Party-Line Vote Protects Child Labor at Tobacco Farms in Virginia

Party-Line Vote Protects Child Labor at Tobacco Farms in Virginia

Republican-led House panel kills effort to craft new protections for kids in unrecorded vote.

Del. Alfonso Lopez (D-49) argues against child labor on tobacco farms.

Del. Alfonso Lopez (D-49) argues against child labor on tobacco farms. Photo by Michael Lee Pope.

In an unrecorded party-line vote, House Republicans killed a bill Tuesday evening that would have cracked down on child labor at tobacco farms in Virginia. Two Democrats on the panel voted against killing the bill, although they were unable to persuade the Republican majority on a House Commerce and Labor subcommittee that children should not work with toxic chemicals on farms that grow a substance packaged with a warming from the surgeon general.

“If this was your kid, would you be OK with having them work in this job?” asked Del. Alfonso Lopez (D-49). "Would you? I don’t think you would. So why is it OK for kids you don’t know to do this job?”

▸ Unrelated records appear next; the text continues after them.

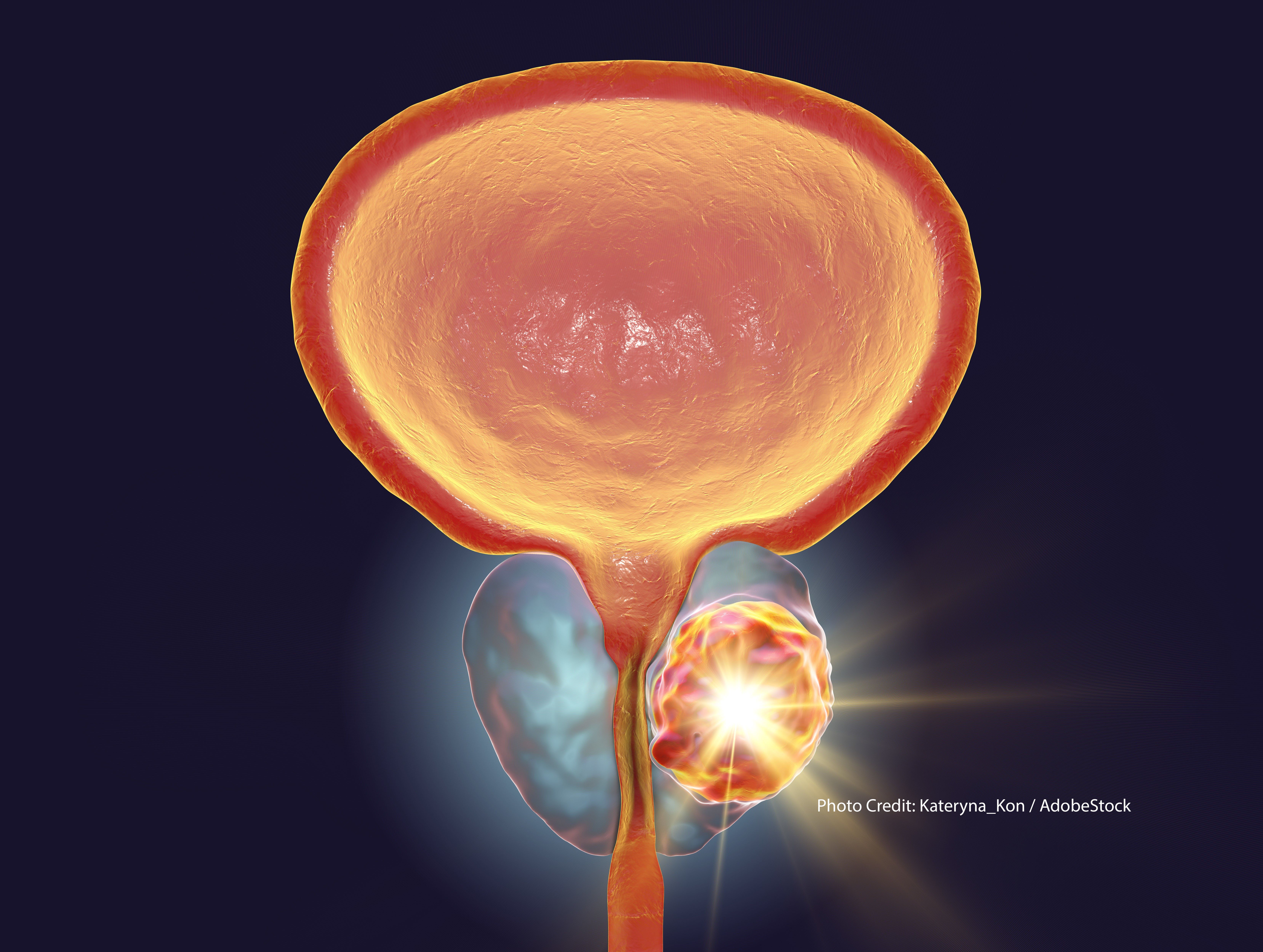 New Expert Guidance on EBRT in Men with EarlyStage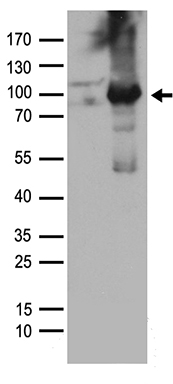 PKC delta (PRKCD) antibody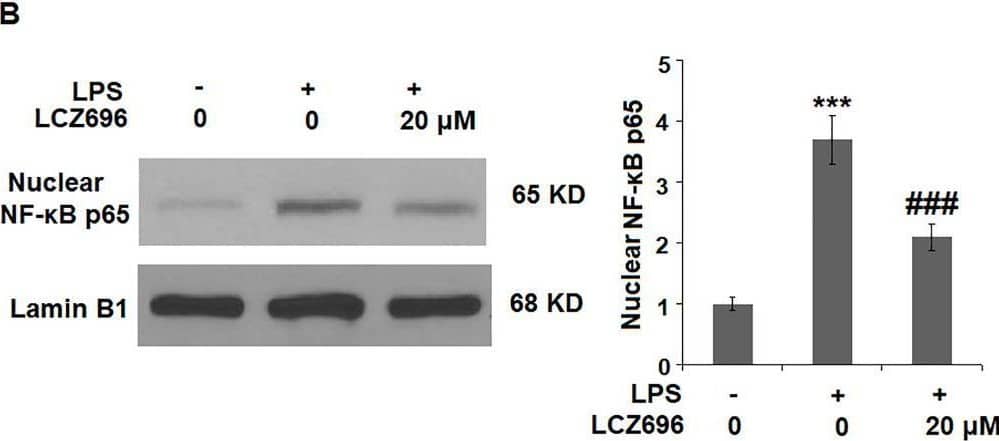 LCZ696 suppresses LPS-induced activation of the TLR4/Myd88 pathway in HUVECs.Cells were stimulated with LPS (1 μg/mL) in the presence or absence of LCZ696 (20 μM) for 24 hours. (A). The levels of TLR4 and Myd88 were measured using Western blot; (B). Nuclear levels of NF-kappa B p65 (***P < 0.005 vs. control group; ##, ###P < 0.01, 0.005 vs. LPS group). Image collected and cropped by CiteAb from the following open publication (//pubmed.ncbi.nlm.nih.gov/33839697), licensed under a CC-BY license. Not internally tested by R&D Systems.
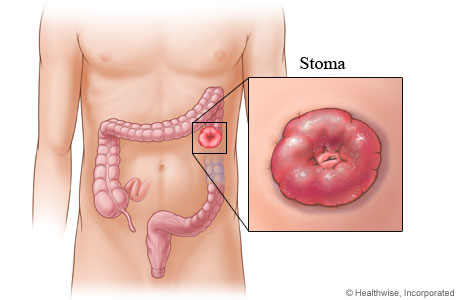 A stoma created after colon surgery A stoma created after colon surgery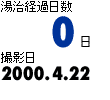 湯治経過日数0日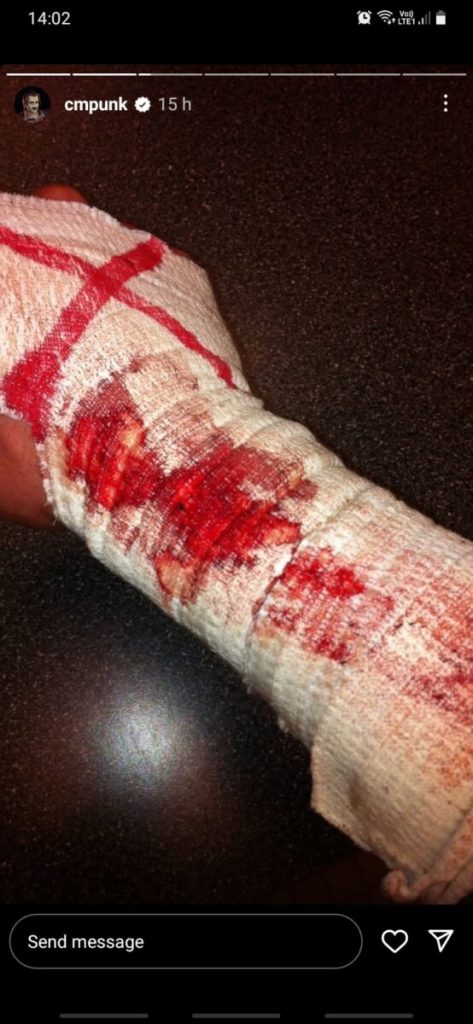 CM Punk’s cryptic post amid rumors of his WWE return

Republicans answered that question with silence. None of them responded when Lopez made the issue personal, although the Arlington delegate explained that the issue is very personal for the 141 kids interviewed by Human Rights Watch in 2014. Those interviews led to a report titled “Tobacco’s Hidden Children: Hazardous Child Labor in US Tobacco Farming.” That report led to some startling conclusions, none of which have been able to move Republicans in the General Assembly so far.

"Child tobacco workers in Kentucky, Tennessee and Virginia often experienced nausea and vomiting while cutting stalks of burley tobacco during the harvest,” the report noted. “Jacob S., a 14-year-old tobacco worker in Virginia, described similar symptoms. 'I get a little bit queasy, and I get lightheaded and dizzy. Sometimes I feel like I might pass out. It just feels like I want to fall over.’”

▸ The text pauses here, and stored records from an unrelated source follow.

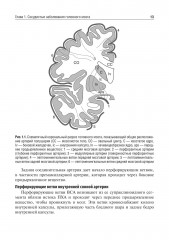 Private neurology. Частная неврология - Фото 14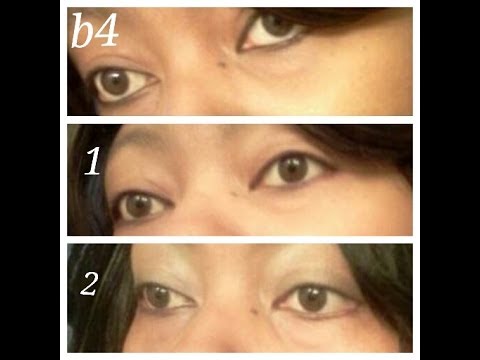 how to whiten sclera of eyes naturally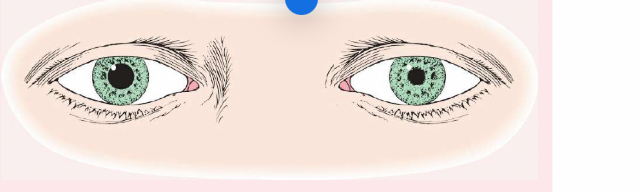<p>anisocoria</p>
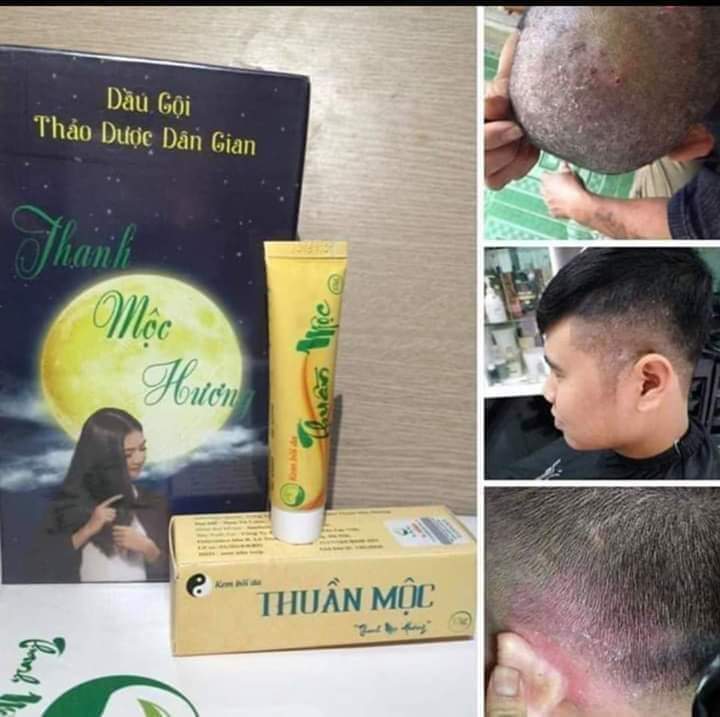 [HCM]COMBO DUYỆT NẤM DA ĐẦU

LAWMAKERS IN VIRGINIA were not persuaded by the story of Jacob S. In fact, they didn’t even want to hear Lopez explain his reasons for introducing his bill. As he was laying out his case, Republicans stopped him and asked him not to continue. This bill had already failed before, they said, so why should they give him an opportunity to make his case again?

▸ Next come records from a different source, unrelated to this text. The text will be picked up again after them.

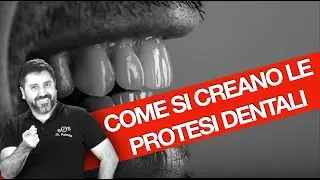 Denti fissi su impianti: Come si creano le linee dentali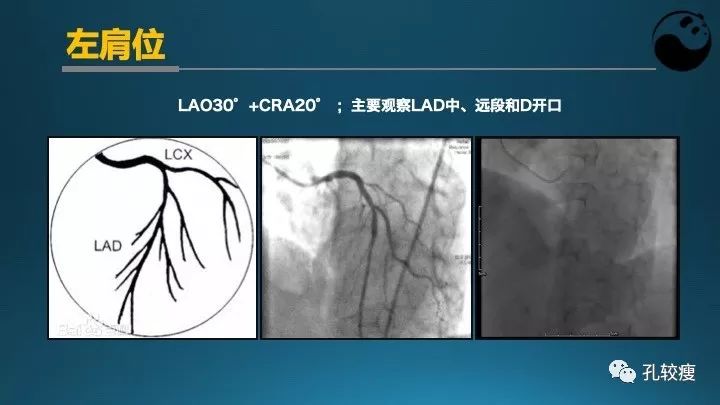 步步为营掌握冠状动脉造影【一】：解剖-体位-安全法则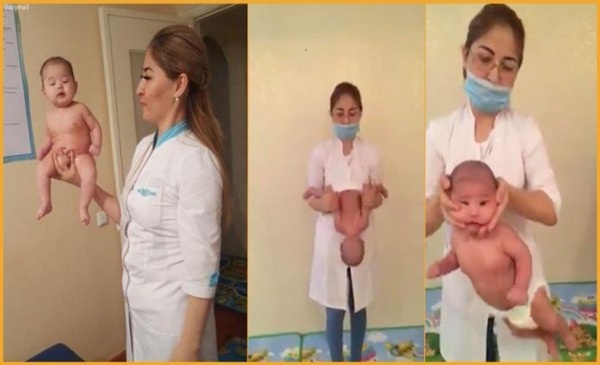 sung sot clip cam chan doc nguoc dau roi lac manh tre so sinh nhu bup be vi cho rang giup be tranh khuyet tat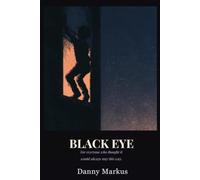 Black Eye: For everyone who thought it would always stay this way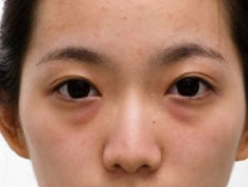 内切去眼袋 恢复精致美眼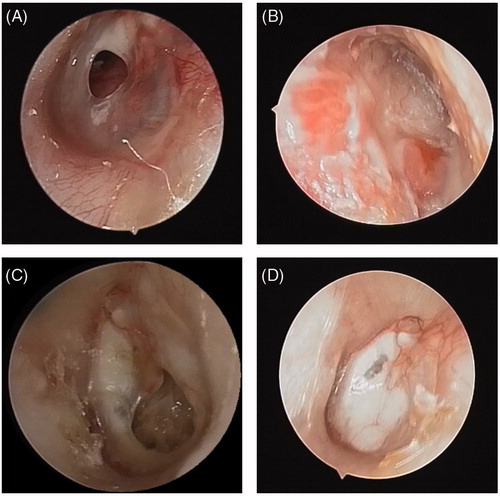 Figure 1. Changes of tympanic membrane before and after operation. (A,B) Pre- and post-operative otoendoscopic images of AlloDerm group. (C,D) Pre- and post-operative otoendoscopic images of cartilage perichondrium group. At 6 months after the operation, the tympanic membrane healed completely, without otorrhea, tympanic membrane sclerosis or other complications.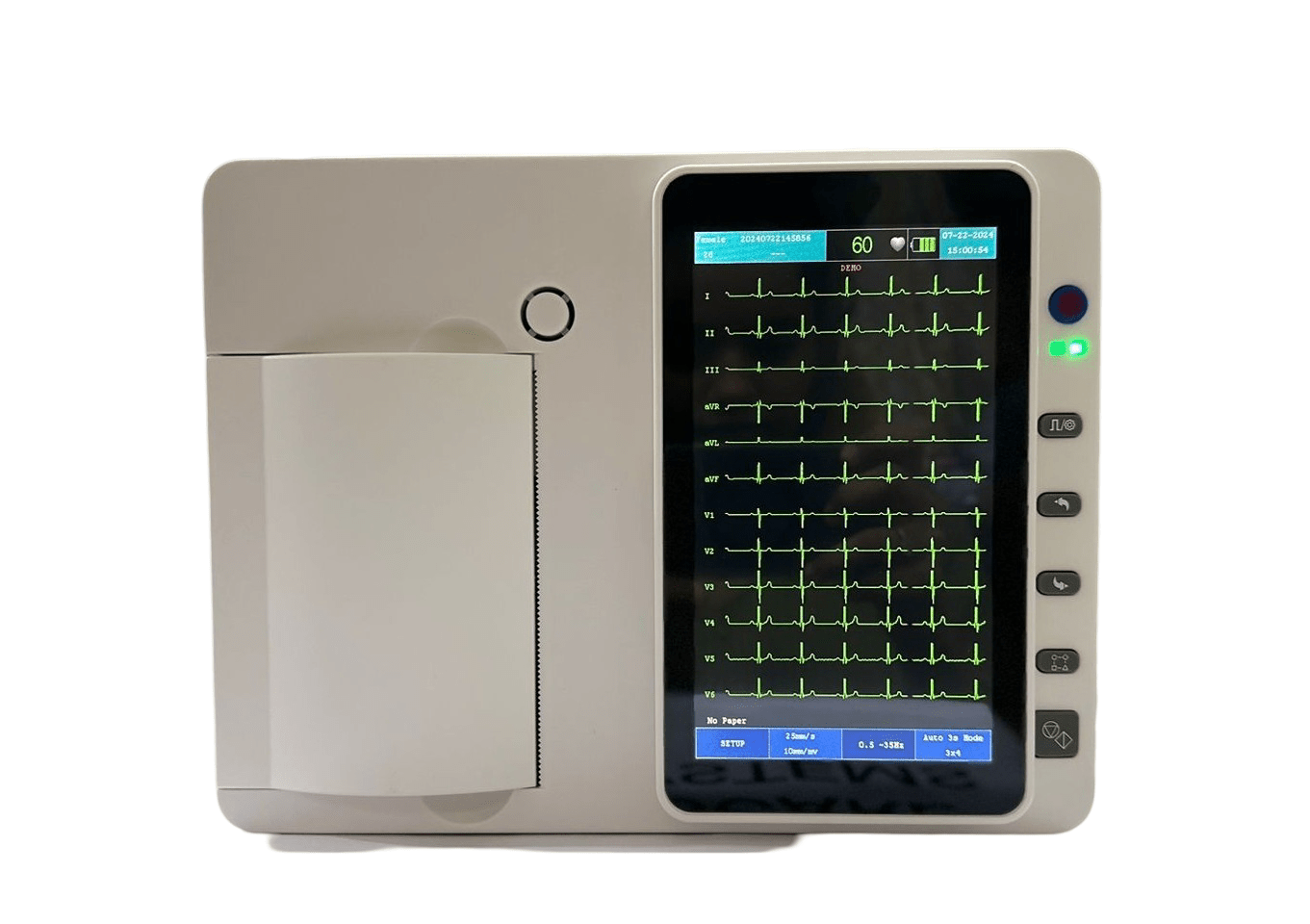 Korrida 3 Channel ECG Machine - Global Surgicals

“Delegate Lopez was very passionate and very articulate on this issue last year, and I believe this is pretty much the same testimony,” said Del. Jackson Miller (R-50). "And I’m just curious if there was new things you could bring? Because I’m sure everybody was here from last year on this committee.”

Yes, responded, Lopez. Since the two previous times he has introduced similar legislation, two of the biggest tobacco producers in the world — including Virginia-based Altria — have adopted child labor standards that are more protective than U.S. law. Nevertheless, Lopez warned, some children will fall through the cracks.

“Prohibit the hiring of children under the age of 18 to work in direct contact with tobacco plants or dried tobacco leaves,” said Lopez. "This establishes a clear standard that is easy for growers to follow and protective of all Virginia children currently working on Virginia farms.”

Republicans on the panel were not convinced. Instead, they were persuaded by the agribusiness industry, which argued that children who grow tobacco don’t deserve any special protections.

“We believe that setting out one Virginia commodity outside of every other when farming is inherently a practice we want to encourage people to get into,” said Katie Frazier, president of the Virginia Agribusiness Council. “Singling out tobacco as one specific commodity that would be dangerous for children under the age of 18 to work in is concerning to us and therefore we would ask you to oppose the measure.”